The Two Gentlemen of Russia

On his blog Alexander Goldfarb writes that while he is glad to see an innocent man released from prison, there can be no doubt that Mikhail Khodorkovsky's plea for clemency was written under pressure: 
It says more about Putin than about MBK: not only has Putin kept a man in prison for ten years for nothing, he, the brute, has also forced a confession out of him. 
We should not forget that in the relationship between these these two characters there is much that is personal. In their Shakespearean drama the outcome of the plot still lies ahead. In this situation a plea for clemency in no way amounts to a capitulation. 
When one man sits on the throne, and the other in a dungeon, everything is clear - one is a tyrant, and the other a martyr. When a prisoner dies in a torture chamber or emerges into freedom with head unbowed, not repenting, everything is also clear: the tyrant has lost his authority and is powerless against the power of the spirit. Both of them understand that.
But a confession extracted by force tells us nothing. The final result depends on how MBK conducts himself in future. If, like Galileo who exclaimed:"And yet it moves!", he in some form disavows his confession, does not express thanks to Putin and says something, for example, in defence of the Bolotnaya prisoners or the thousands of businessmen who have been jailed by the lawlessness of the Cheka, then his persecutor will be shamed even further. 
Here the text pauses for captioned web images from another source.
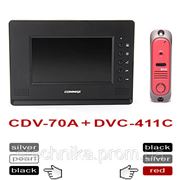 Commax CDV-70A black + DVC-411C цветной домофон с панелью вызова фото
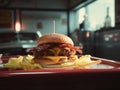 Burger with melted cheese, crispy bacon, and a toasted bun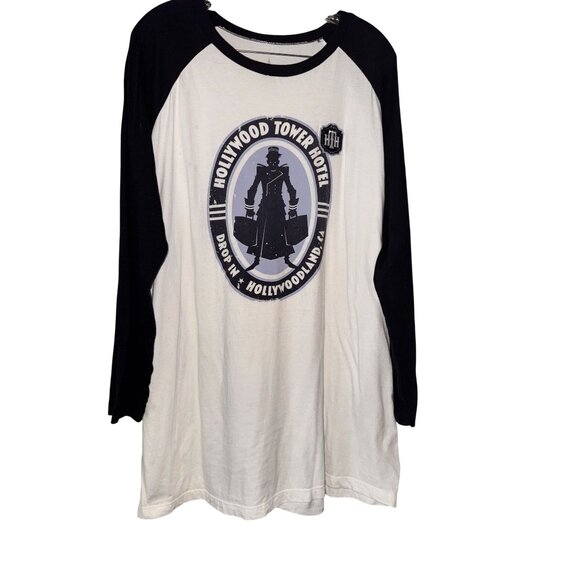 Disney Parks Tops - Disney Parks Hollywood Tower Hotel Long Sleeve Raglan T-Shirt XL Black & White 1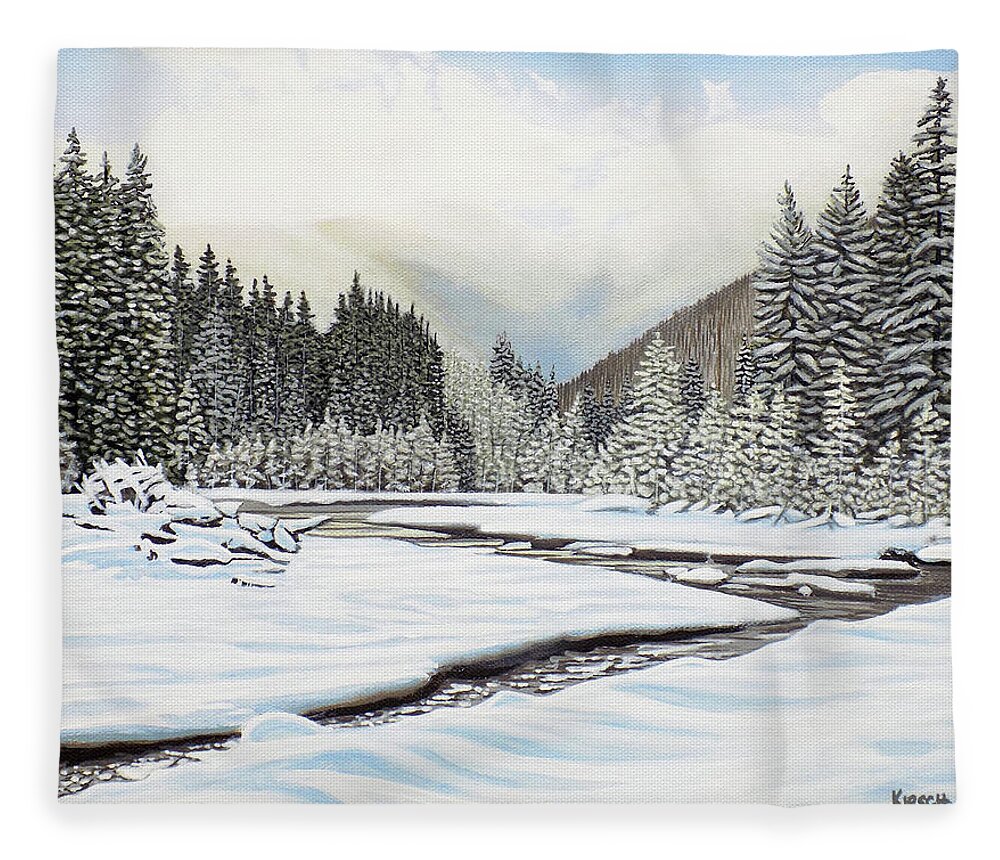 Canadian Winter Fleece Blanket featuring the painting Winterland by Kenneth M Kirsch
But if he puts his lips to the hand of the man "who granted him freedom", gives us to understand, like Orwell's hero, that the "re-education " has worked and that now "he loves Big Brother ", then Putin will have something on which to congratulate himself. Then he will really have won.
Update: in a new post written after Khodorkovsky's Berlin press conference on December 22, Goldfarb adds:
The key passage in MBK's statement: "I don't want to take a completely open position on many issues. I have won the right not to say what I do not think. That is worth a great deal."
He will not sing Putin's praises. But he has not won the right to say what he thinks of him. Well, one cannot judge him for that, in his position he was entitled to make compromises. But the expectations that he would be a Sakharov or a Mandela have not been realized.